Detalhe que o D. sequer tinha ido jogar e não estava sabendo de nada.

Minha mãe ligou pouco depois e minha avó avisou que eu tinha chegado. Fui chamado ao telefone e o esporro começou ali, por cortesia da TELERJ. quando fui inquirido onde estava, repeti a lorota e a situação acalmou um pouco. Meus pais realmente achavam que nosso condomínio era um local seguro. Levei mais um pouco de esporro por telefone e depois uma dose extra ao vivo quando meus pais chegaram em casa, e o caso parecia ter chegado ao fim.

Parecia.

Mas não tinha.

Na manhã seguinte meu pai, como de costume, me levou de carro para à escola (meu irmão mais novo estudava de tarde nessa época) e meu pai tinha o hábito completamente sem sentido de dirigir para à escola por dentro do condomínio cheio de curvas, no lugar de sair e ir pela estrada que margeva o condomínio, a qual era reta e cortava uma boa distância. Volta e meia esbarrávamos com colegas de classe meus pelo caminho e meu pai sempre oferecia carona.

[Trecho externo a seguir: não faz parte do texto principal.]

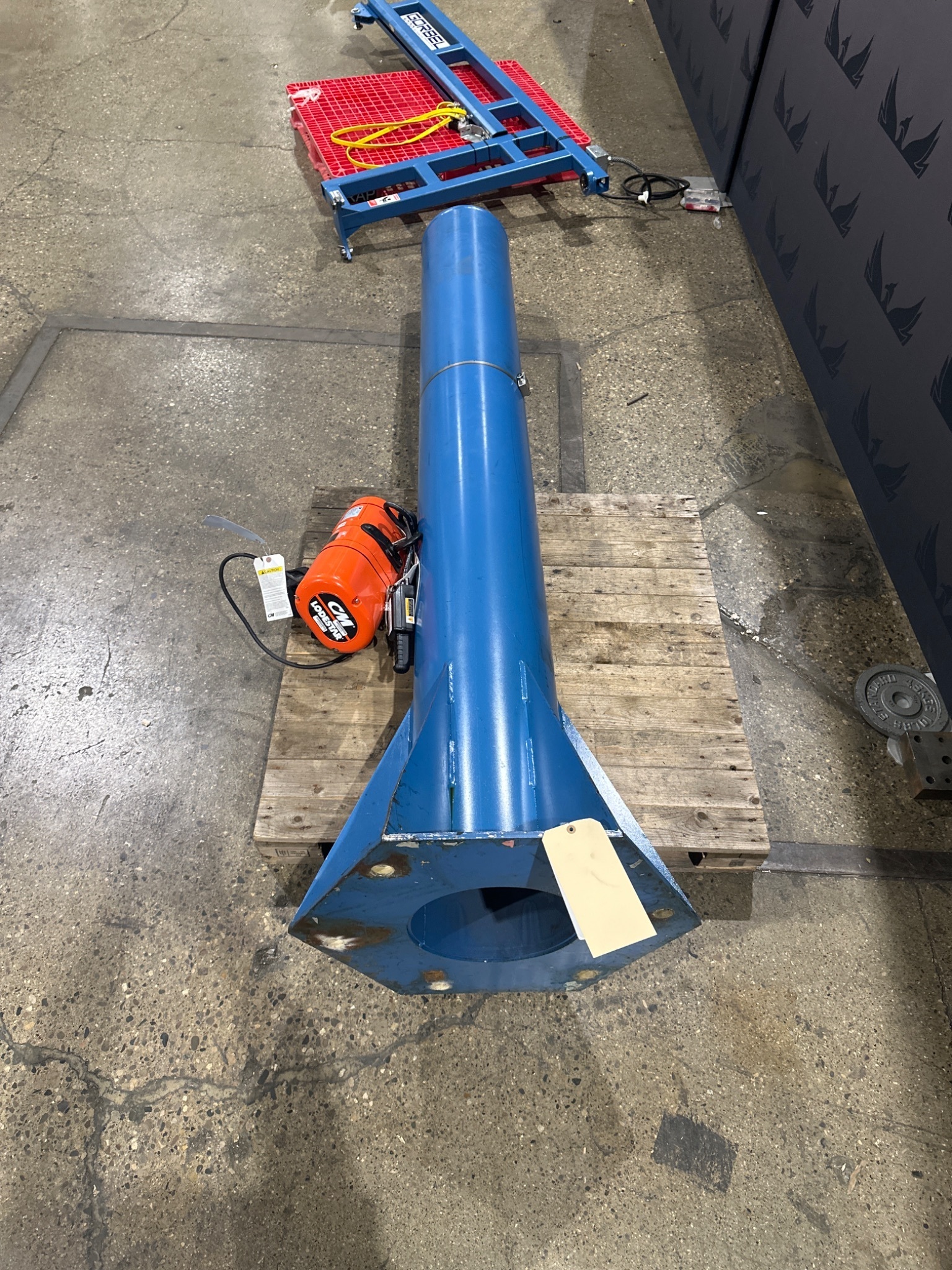 GORBEL SS-99041 JIB CRANE 500 1/2 TON USED 8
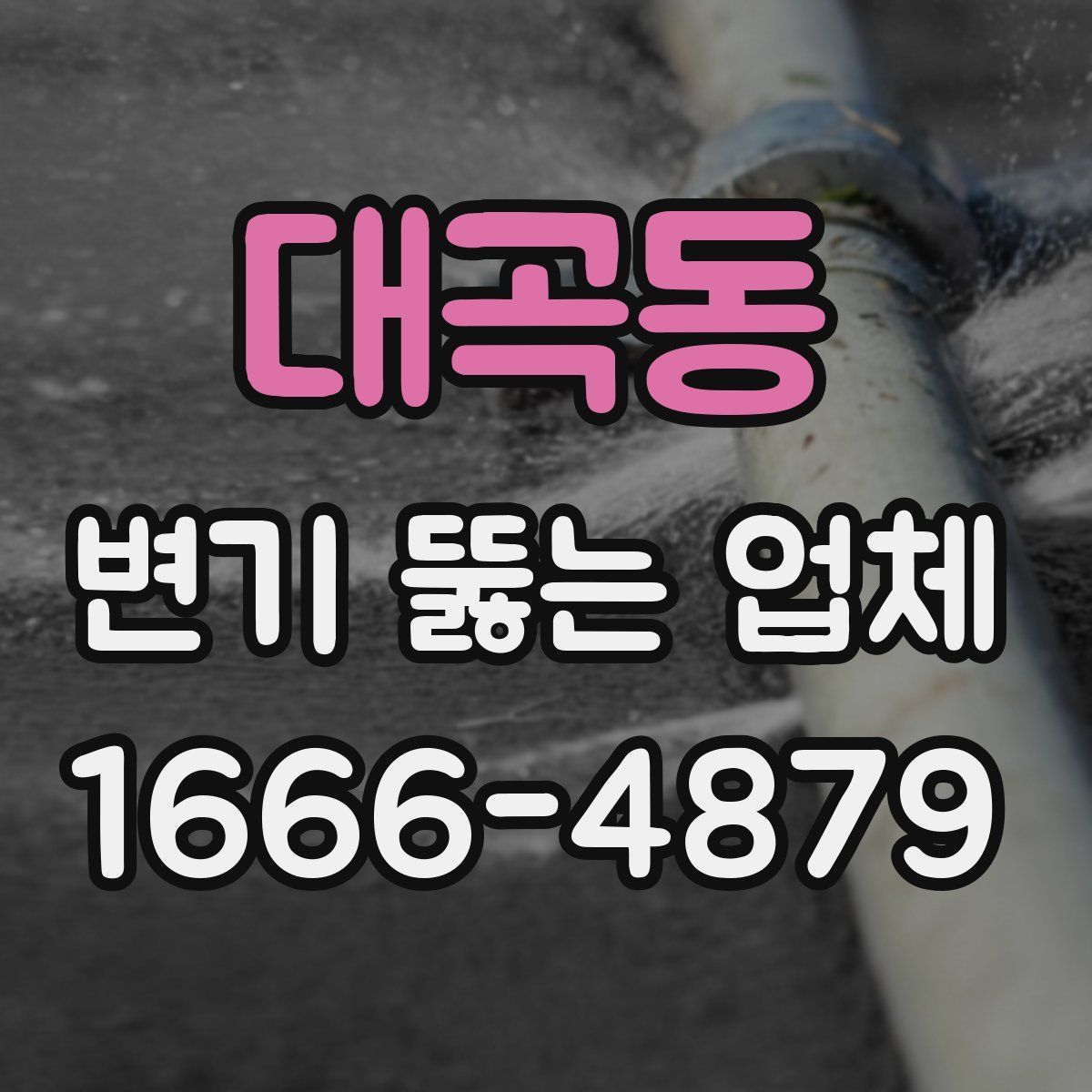 대곡동 변기 뚫는 업체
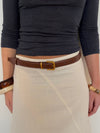 Forge belt – Brown/gold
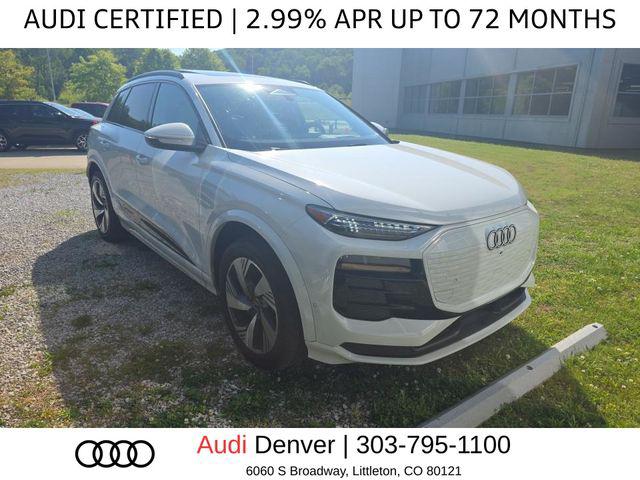 Certified 2025 Audi Q6 e-tron Premium Plus with VIN WA124BGF4SA055318 for sale in Littleton, CO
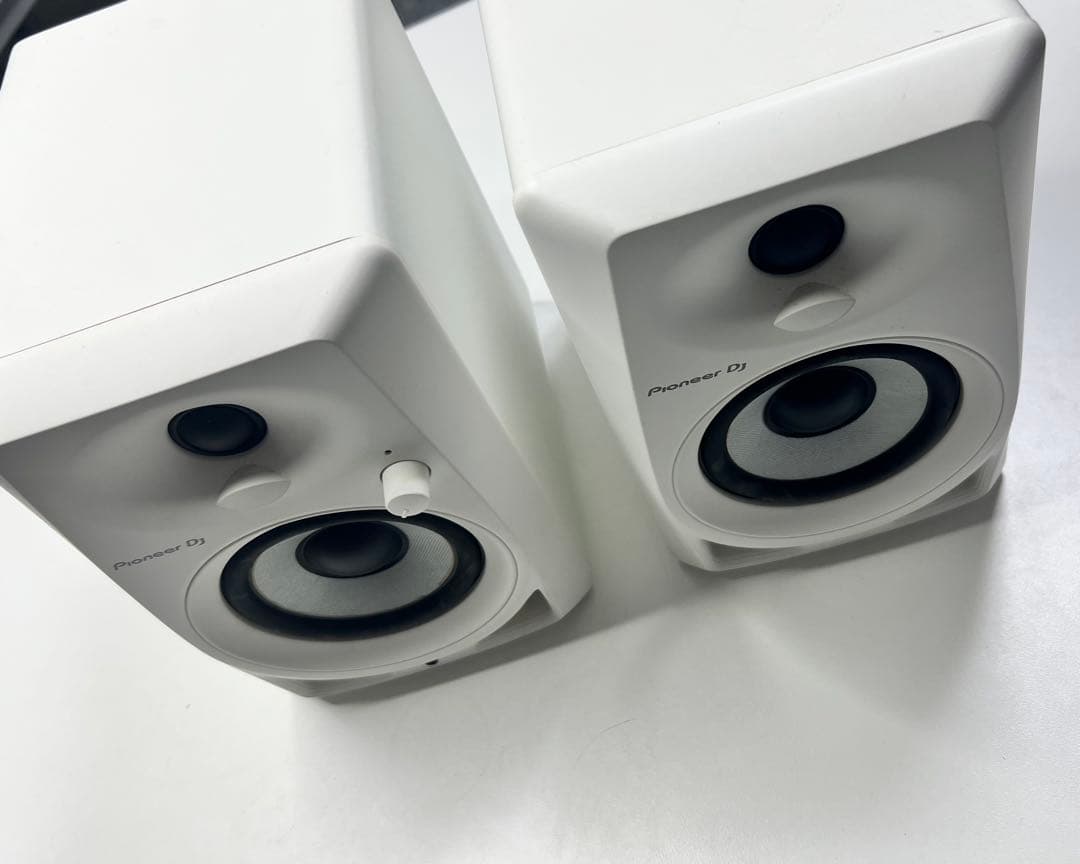 【ケーブル付】PioneerDJ DM-40-W ホワイト アクティブスピーカー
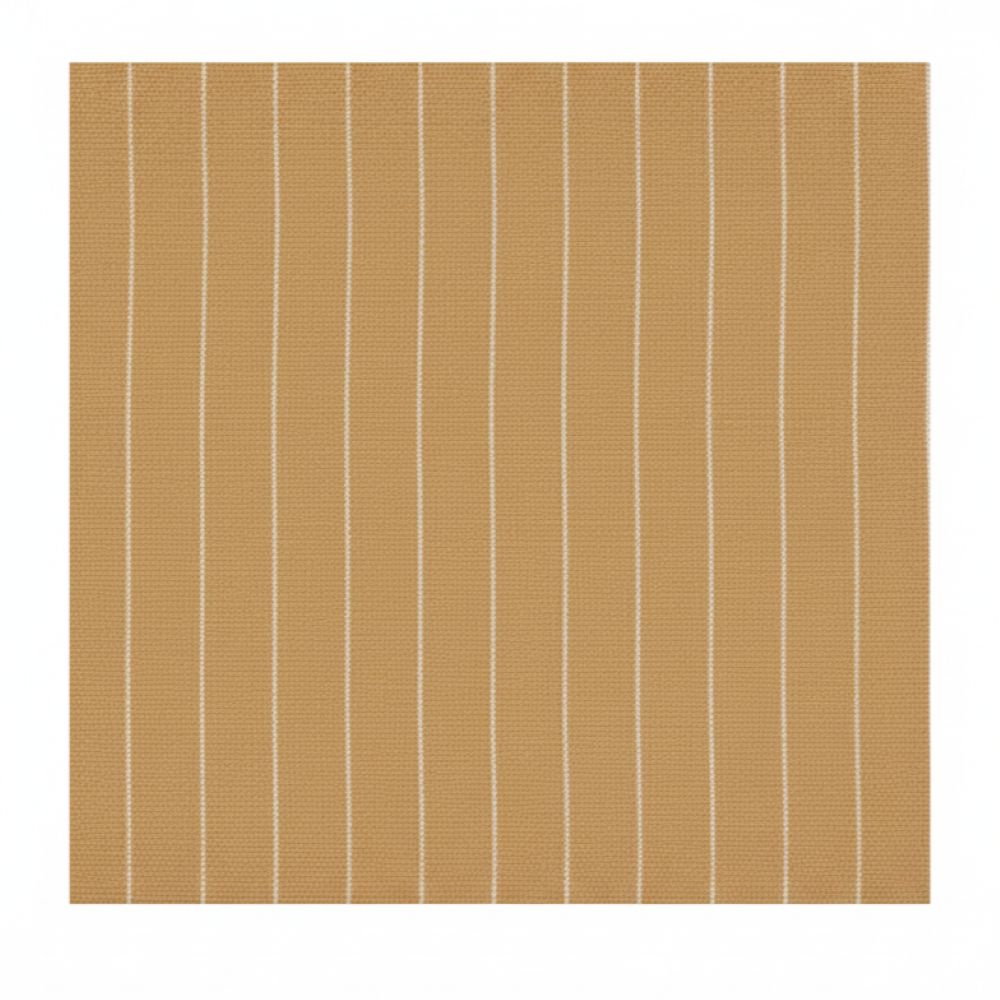 Textured brown fabric with vertical stripes on a white background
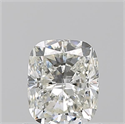 Natural Diamond 0.90 Carats, Cushion with  Cut, I Color, VS2 Clarity and Certified by GIA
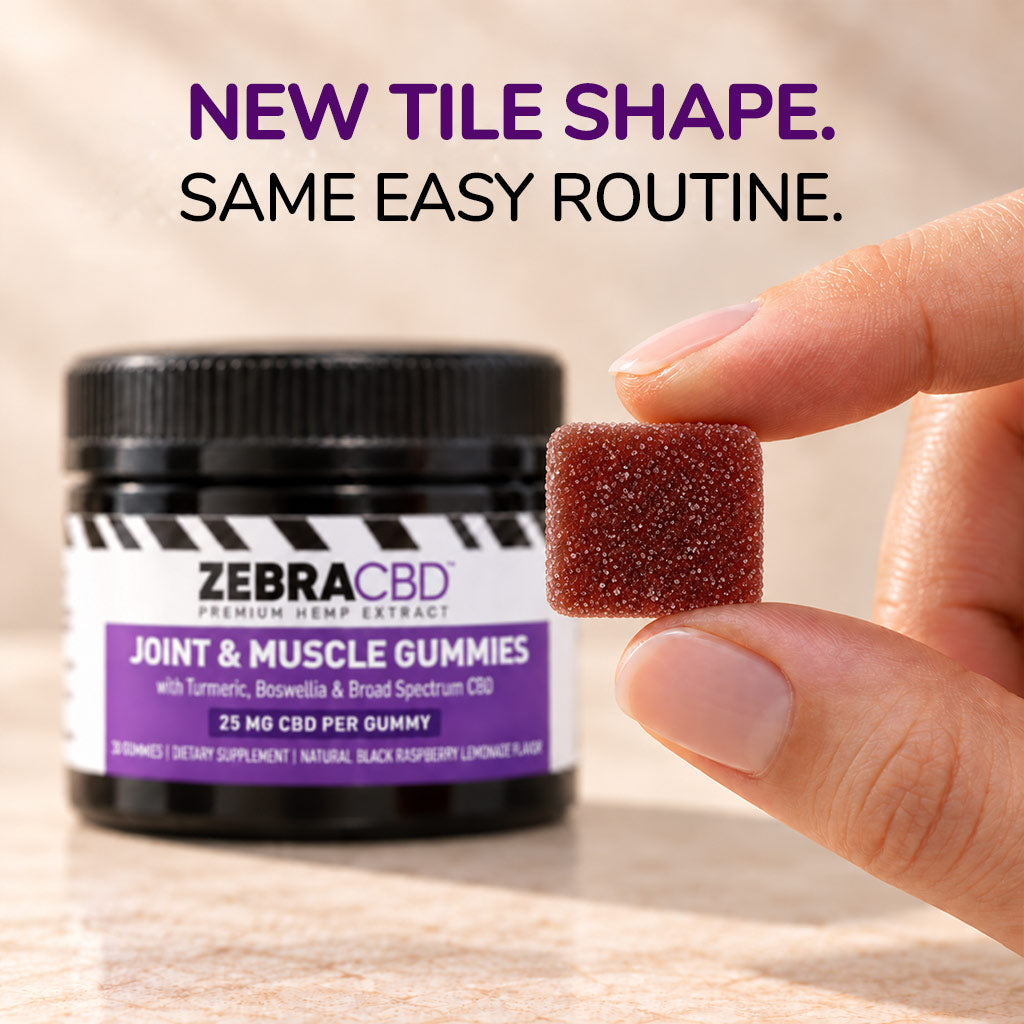 CBD Gummies for Joint Pain & Muscle Relaxation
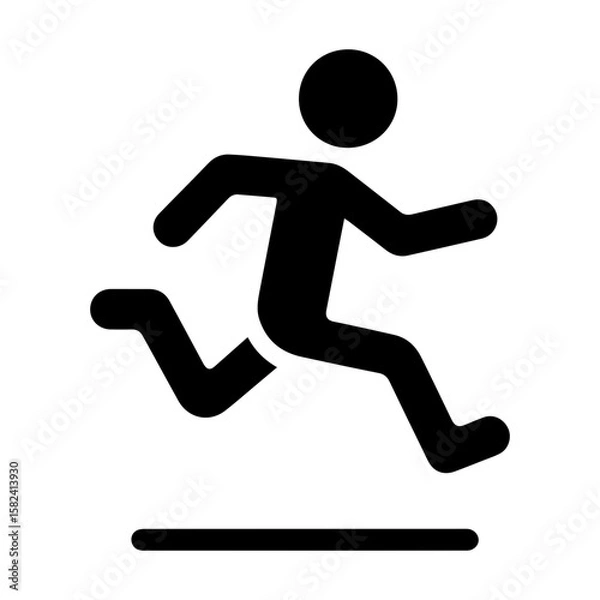 Fototapeta Jump icon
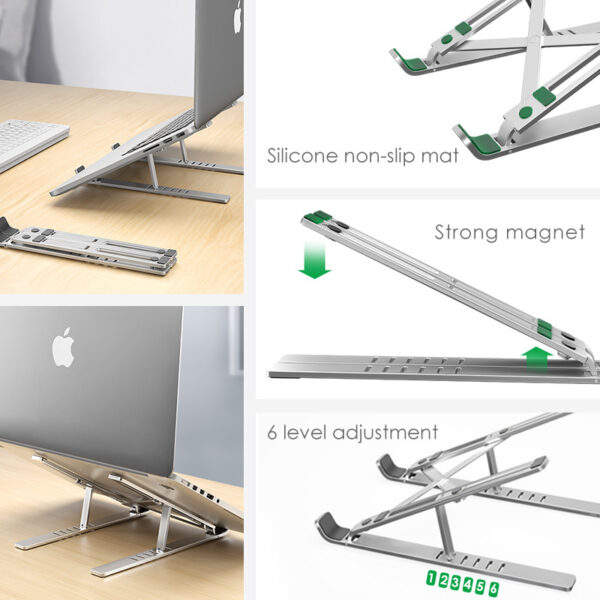 Laptop stand cooling portable adjustable stand - Image 5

Nesse dia, esbarramos com o D.

Senti aquele calafrio na espinha. "F*deu"- pensei, seguido de uma torrente de todos os palavrões e pragas que conhecia, dirigidos ao coitado do moleque que, inocentemente, só estava caminhando para o colégio.

Meu pai desacelerou o carro e chamou o guri.  D. Veio correndo e sentou no banco de trás. Enquanto eu tentava imaginar um jeito de pôr o infeliz a par da história. O garoto mal sentou no banco e meu pai já foi dizendo:

- "Esse trabalho de escola de vocês quase matou minha sogra ontem, hein? Vocês são tão avoados que só não perdem a cabeça porque está colada"

Foi isso ou algo do gênero. O pobre do garoto não entendeu nada e respondeu com um "Hã?" que já dizia tudo. Ainda tentei consertar a situação, mandando um "Quando perdi a hora jogando videogame contigo depois do trabalho em grupo, cara", e o D. ainda tentou ajudar, exclamando um "Aaahhhh", em uma atuação tão sem talento que nem uma criança de pré-escolar engoliria.

Meu pai pescou no ato que era mentira e o esporro recomeçou. Sem escolha, tive que contar a verdade e só não ouvi mais porque a escola era perto.

Fiquei uma fera com o D., acusando-o (injustamente) de ter estragado minha história. D., por sua vez, conseguiu de forma bizarra tentar ficar se desculpando e justificando ao mesmo tempo que ria da minha cara. E até hoje não sei o que foi pior... ter que contar a história a manhã inteira para umas vinte pessoas diferentes ou a bronca redobrada naquela noite em casa, além do castigo de ficar sem alugar jogo algum no próximo fim de semana e sem poder jogar videogame até segunda ordem.

Mas pelo menos joguei "Art of Fighting". Jogo legal.